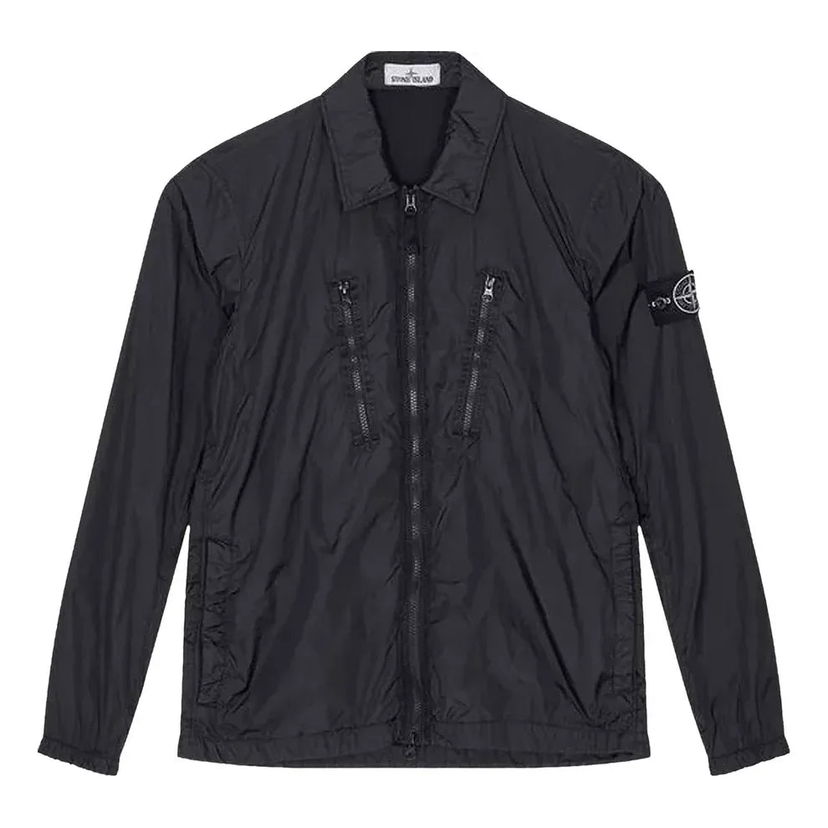 Vindjakke Stone Island Stone Island Men's Overshirt Jacket Sort | 751510523-V0029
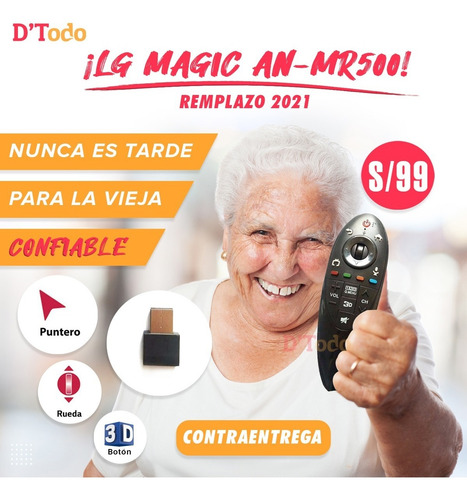 Imagen 2 de 10 de Control Magic Remote LG Anmr500 - Remplazo 2022 Con Puntero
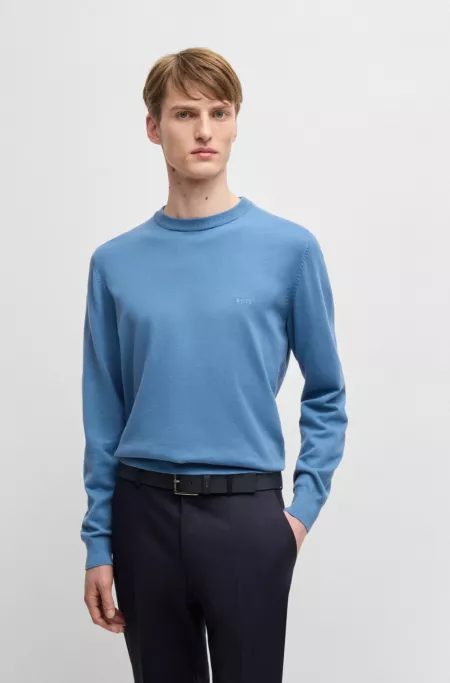 Cotton sweater with embroidered logo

- - - - - - -

## WHAT YOU WILL DO
Transcribe exactly, and without any pictures, each line from the one that holds "Imagen 2 de" through the final line of the material above.

## FINISHED EXERCISE
 Imagen 2 de 10 de Control Magic Remote LG Anmr500 - Remplazo 2022 Con Puntero
 Cotton sweater with embroidered logo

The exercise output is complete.